What is expected: Skip the pictures and copy all the data that follows exactly.

Supplied data:
· · · · ·

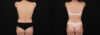 Tummy Tuck case #7776 slider thumbnail
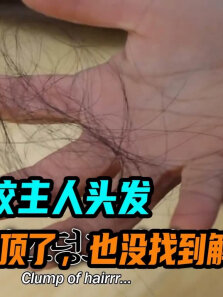 狗狗天天咬主人头发，女人都快秃顶了，也没找到解决办法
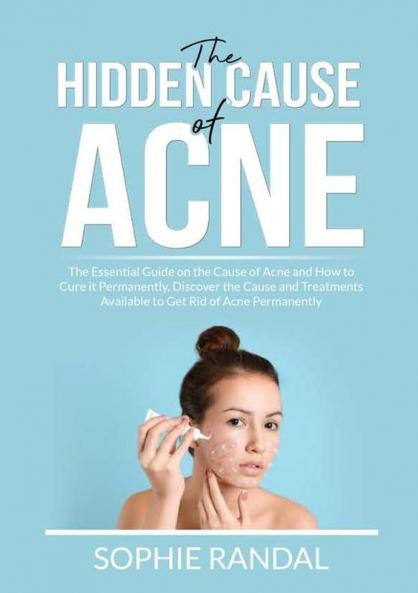 The Hidden Cause of Acne: The Essential Guide on the Cause of Acne and How to Cure it Permanently Discover the Cause and Treatments Available to Get Rid of Acne Permanently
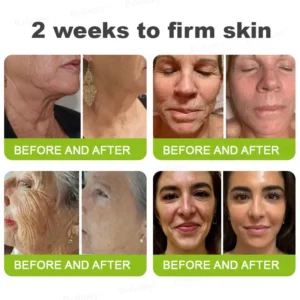 Botox & Vita-A Retinol Shot Wrinkle-Lift Tightening cream - Image 13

· · · · ·

Finished exercise:
 Tummy Tuck case #7776 slider thumbnail
 狗狗天天咬主人头发，女人都快秃顶了，也没找到解决办法
 The Hidden Cause of Acne: The Essential Guide on the Cause of Acne and How to Cure it Permanently Discover the Cause and Treatments Available to Get Rid of Acne Permanently
 Botox & Vita-A Retinol Shot Wrinkle-Lift Tightening cream - Image 13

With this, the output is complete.